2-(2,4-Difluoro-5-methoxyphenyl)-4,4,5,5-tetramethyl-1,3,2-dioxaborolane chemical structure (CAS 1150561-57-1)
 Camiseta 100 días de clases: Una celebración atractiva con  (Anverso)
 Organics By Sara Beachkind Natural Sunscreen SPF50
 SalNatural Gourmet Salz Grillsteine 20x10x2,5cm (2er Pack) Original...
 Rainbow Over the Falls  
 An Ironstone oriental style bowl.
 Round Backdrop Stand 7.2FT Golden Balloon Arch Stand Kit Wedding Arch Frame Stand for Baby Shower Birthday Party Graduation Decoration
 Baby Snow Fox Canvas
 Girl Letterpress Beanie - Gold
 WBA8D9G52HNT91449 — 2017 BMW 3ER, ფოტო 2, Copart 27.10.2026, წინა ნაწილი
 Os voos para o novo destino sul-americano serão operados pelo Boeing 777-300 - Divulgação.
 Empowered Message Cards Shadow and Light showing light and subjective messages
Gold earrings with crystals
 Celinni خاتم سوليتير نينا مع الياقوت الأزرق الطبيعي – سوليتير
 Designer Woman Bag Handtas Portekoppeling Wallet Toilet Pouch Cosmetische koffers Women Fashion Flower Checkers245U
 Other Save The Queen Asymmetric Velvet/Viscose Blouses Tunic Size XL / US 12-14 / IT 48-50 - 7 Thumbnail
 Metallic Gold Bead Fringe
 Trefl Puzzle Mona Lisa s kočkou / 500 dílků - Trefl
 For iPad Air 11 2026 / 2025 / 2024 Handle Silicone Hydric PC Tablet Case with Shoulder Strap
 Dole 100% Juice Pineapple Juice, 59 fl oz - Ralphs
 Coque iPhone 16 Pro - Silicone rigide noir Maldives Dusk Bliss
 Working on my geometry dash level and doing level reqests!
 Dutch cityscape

# Instructions for the task
Beginning with the line that has "Organics By Sara" and ending with the line that has "Celinni خاتم سوليتير", set down the lines above exactly and include no others.

# Answer to the exercise
 Organics By Sara Beachkind Natural Sunscreen SPF50
 SalNatural Gourmet Salz Grillsteine 20x10x2,5cm (2er Pack) Original...
 Rainbow Over the Falls  
 An Ironstone oriental style bowl.
 Round Backdrop Stand 7.2FT Golden Balloon Arch Stand Kit Wedding Arch Frame Stand for Baby Shower Birthday Party Graduation Decoration
 Baby Snow Fox Canvas
 Girl Letterpress Beanie - Gold
 WBA8D9G52HNT91449 — 2017 BMW 3ER, ფოტო 2, Copart 27.10.2026, წინა ნაწილი
 Os voos para o novo destino sul-americano serão operados pelo Boeing 777-300 - Divulgação.
 Empowered Message Cards Shadow and Light showing light and subjective messages
Gold earrings with crystals
 Celinni خاتم سوليتير نينا مع الياقوت الأزرق الطبيعي – سوليتير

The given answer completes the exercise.